L’ADL a déclaré que cette mesure avait déclenché une recrudescence « de caricatures journalistiques suggérant la domination juive et israélienne sur les États-Unis ».

L’ADL a mis en évidence des caricatures en arabe publiées en Égypte, aux Émirats arabes unis, à Oman et en Iran. Certaines dépeignent Trump comme un éléphant de cirque qui balance le globe sur sa trompe, sous les ordres d’un dresseur israélien. D’autres représentent le Premier ministre Benjamin Netanyahu qui tire le bras d’un américain aux yeux bandés qui tient une baguette en forme d’Étoile de David, ou encore Trump qui roule sur une falaise avec une voiture estampillée d’une Étoile de David.

D’autres images représentent un drapeau d’sir sur le chapeau d’un Oncle Sam, Oncle Sam qui jette son chapeau pour révéler une kippa, et un personnage juif qui lève les pouces aux États-Unis alors qu’ils déclarent Jérusalem capitale d’Israël.

Caricature publiée le 17 décembre 2017, dans le journal égyptien Al-Masry Al-Youm, après la reconnaissance de Jérusalem par Donald Trump comme capitale d’Israël. Elle représente le président Trump comme un éléphant de cirque qui balance un globe sur sa trompe, sous les ordres d’un dresseur israélien, (Crédit : via Anti-Defamation League)

« Ces caricatures font écho à un thème antisémite sur le pouvoir malveillant des Juifs, mentionné dans le Protocole des Sages de Sion, un document fabriqué de toutes pièces, destinées à montrer que les Juifs cherchent à dominer le monde », a déclaré l’ADL dans un communiqué.

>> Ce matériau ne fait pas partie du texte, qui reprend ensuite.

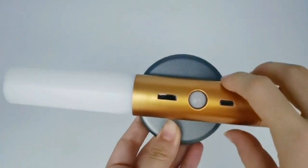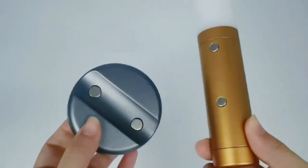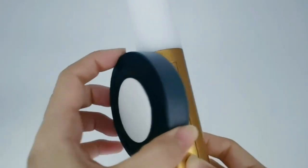This is our new sensor light. The base and the light body are separated, connected by a strong magnet, and there is a stick-on pad on the back of the base.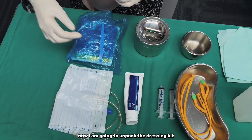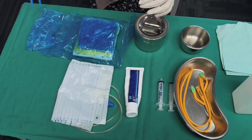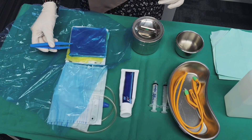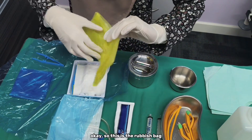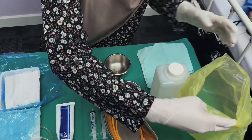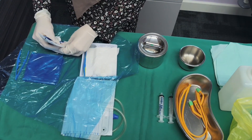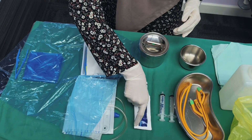I am going to unpack the dressing kit. This is the rubbish bag — I am going to put it outside. Now I am going to put the gel. Okay, I am going to pour the water.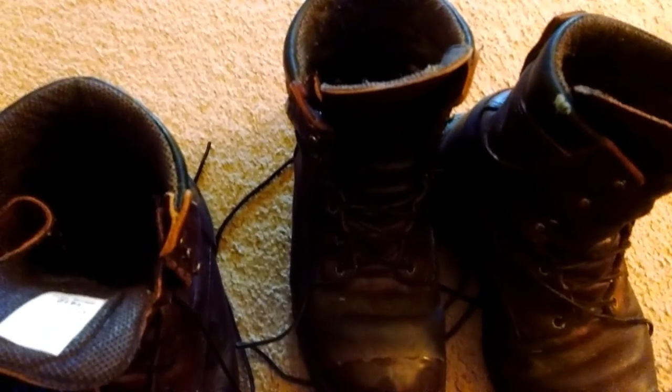What's up YouTube? Today I'm going to be doing a review of my Red Wing 1412 insulated work boots.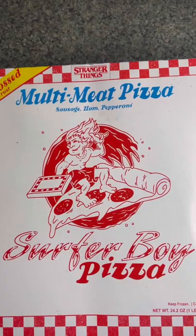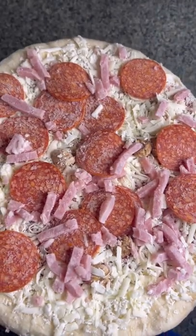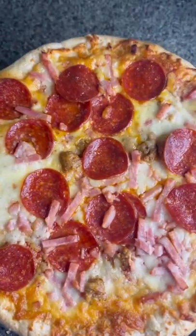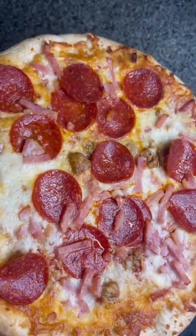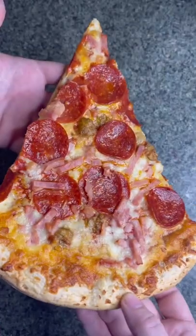I got Surfer Boy Pizza from the new season of Stranger Things. Let's see what this frozen pizza is like. Let's cut the small talk — let's take a bite out of crime.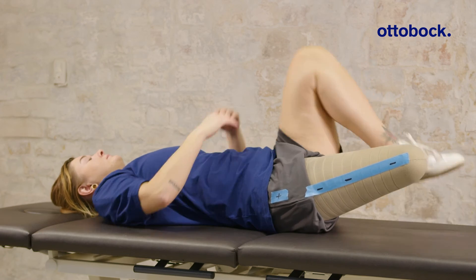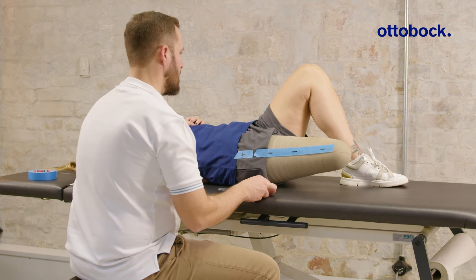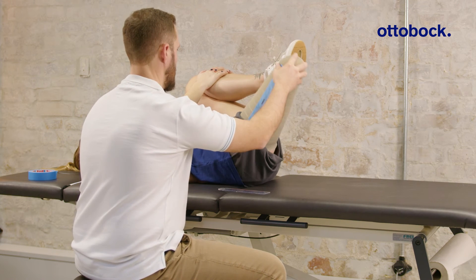Have the user pull the sound knee towards the upper body and make sure the residual limb rests in a relaxed position. Slide one hand under the lumbar spine. Move the residual limb with the other hand while the user keeps the hip muscles relaxed.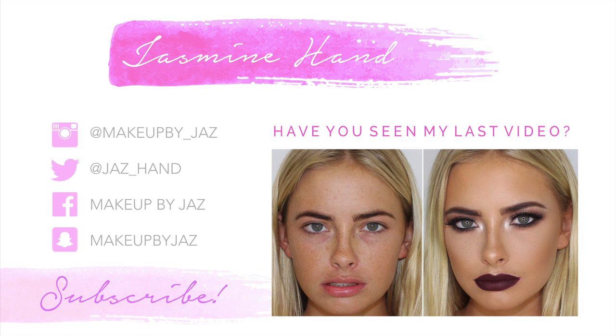I hope you guys enjoyed watching — it's something a little bit different and a bit out of my comfort zone; I wouldn't usually wear these colors. I hope you guys enjoyed, and if you did please don't forget to give it a thumbs up. I'll see you in my next one, bye guys!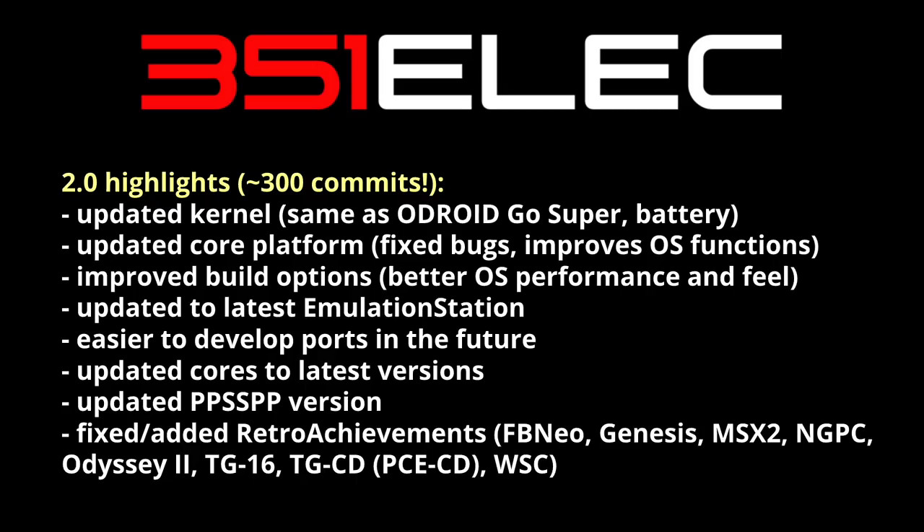They've updated all the cores within RetroArch to the latest versions, and they've also updated PPSSPP — the PSP emulator — to the latest version as well. They've also fixed and added a bunch of retro achievements, which weren't working properly before this. That's mostly the under-the-hood stuff.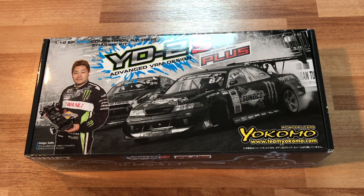This is the YD2S Plus from Yokomo. My name is Jeff from 7demo7 and we're going to go through this kit today bag by bag, part by part, so you guys know what is included in this kit. We'll be doing a build-up video coming up pretty soon so stay tuned for that.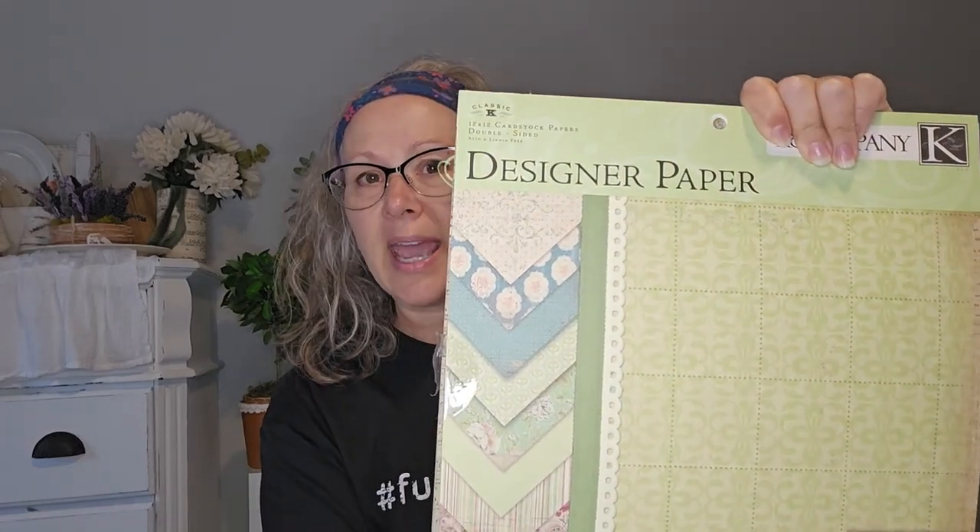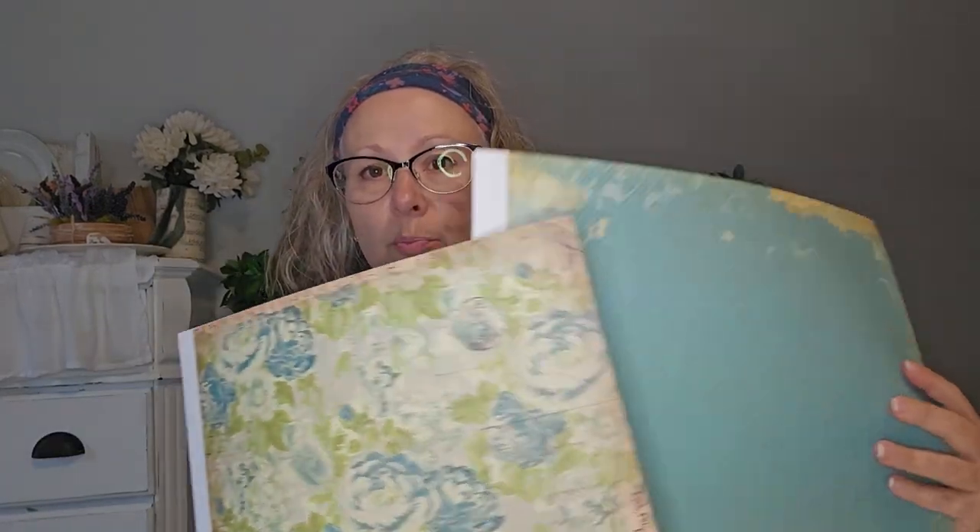They're so inexpensive you wouldn't believe it. You'll need a composition book and some scrapbook paper — pick a pad that's 12 by 12 because it's big enough with a little extra to cut down. I love Kay and Company; they have pads with all these coordinating double-sided papers, so it's really easy to put together a couple papers that work for your notebook. I'm going with florals today for a set I'm making for my office.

Dans un discours prononcé le 6 décembre depuis la Maison Blanche, Trump a défié les mises en garde du monde entier, et a déclaré qu’après de nombreux échecs pour parvenir à la paix, une « nouvelle approche » s’imposait.

Sa décision de reconnaitre Jérusalem comme siège du gouvernement israélien est, dit-il, fondée sur la réalité. Il a également annoncé qu’il transférait l’ambassade américaine de Tel Aviv à Jérusalem, mais n’a pas donné de date pour ce transfert.

Caricature publiée le 18 décembre 2017 dans le journal égyptien Al-Ahram, représentant le Premier ministre israélien Benjamin Netanyahu qui tire le bras d’un américain aux yeux bandés, muni d’une baguette en étoile de David, assis sur des corps en sang. L’Américain brandit un panneau sur lequel est écrit « Jérusalem », pour représenter la reconnaissance de Jérusalem par Donald Trump comme capitale d’Israël. (Crédit : via Anti-Defamation League)

Trump a souligné qu’il ne définissait aucune frontière sur la souveraineté sur la ville, et n’appelait aucunement au changement de statu quo dans les Lieux saints de la ville.

Cette reconnaissance a été saluée par le Premier ministre Benjamin Netanyahu et par des dirigeants de l’ensemble de l’échiquier politique. Elle a revanche été critiquée par de nombreux pays, condamnée par le monde arabe, et a excédé les Palestiniens. Les dirigeants ont appelé à des « jours de colère », qui ont conduit à de violentes manifestations en Cisjordanie et à la frontière entre la bande de Gaza et Israël.